I finally realized why I love horses so much and why I have a way with them. You have 2 types of animals, the fight or the flight type. Horses are flight animals, reacting to danger and strange situations with fear and running away and that’s me too.

I am so sick of people and personalities. I am ready to move into the woods with my horses and animals and live happily ever after, only having minimum contact on an as needed basis. Unfortunately it would probably only last a short time because in spite of it all I need human contact and people to talk to I just wish I would be drawn to real people not evil people out to rip your heart out.

I watch as my children seem to find the same type of people and in spite of trying to be a true friend they turn on them and rip their hearts out.

I have hardened some over the years but still tend to trust in the best in people only to be used and stomped on. Makes you wonder why even try anymore just become that hard as nails bitch and not let anyone close enough and scare everybody away with a look.
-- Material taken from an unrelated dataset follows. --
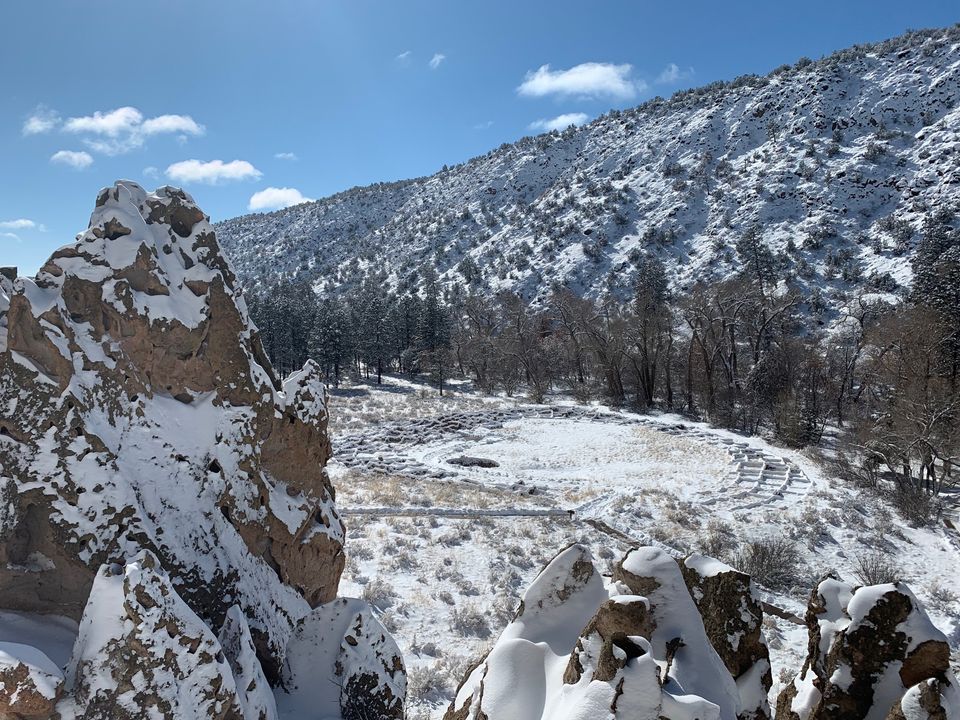tyuonyi snow White snow covers the rocks, trees, and stone foundations of a pueblo. The sky is blue with white clouds.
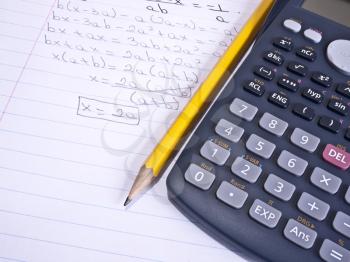 Macro shot of a calculator over a page with a math problem and a yellow pencil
But try as I might I can’t darn it.

I find this most lately in jobs I have done and applied for. Rejection is a whole other story but you do a great job only to get spit on and pushed aside I don’t get it. If that is how all employers treat employees no wonder we have such a lazy work force.

I am going through the nerve racking process of trying to find a job any job because we desperately need the money but one rejection after the other is killing me. I even checked into getting my old job back that I left in August that is how desperate I am. I broke my ass for 3 years and cleaned up a major mess before I left and I get the cold shoulder when I inquired. Um I think if it were them I would jump at the chance to have an employee that not only knows the job already but fixed it in the first place.

Okay I am done with the nobody likes me, everybody hates me, I’m going to eat some worms. I am just feeling very drained and unappreciated lately. Holidays always seem to just exasperate the feelings this time of year.

I will find out later tomorrow I hope if I got at least a part time job I interviewed for last week and go from there. Off to go down the hill yet again for another pickup/drop-off for someone or something.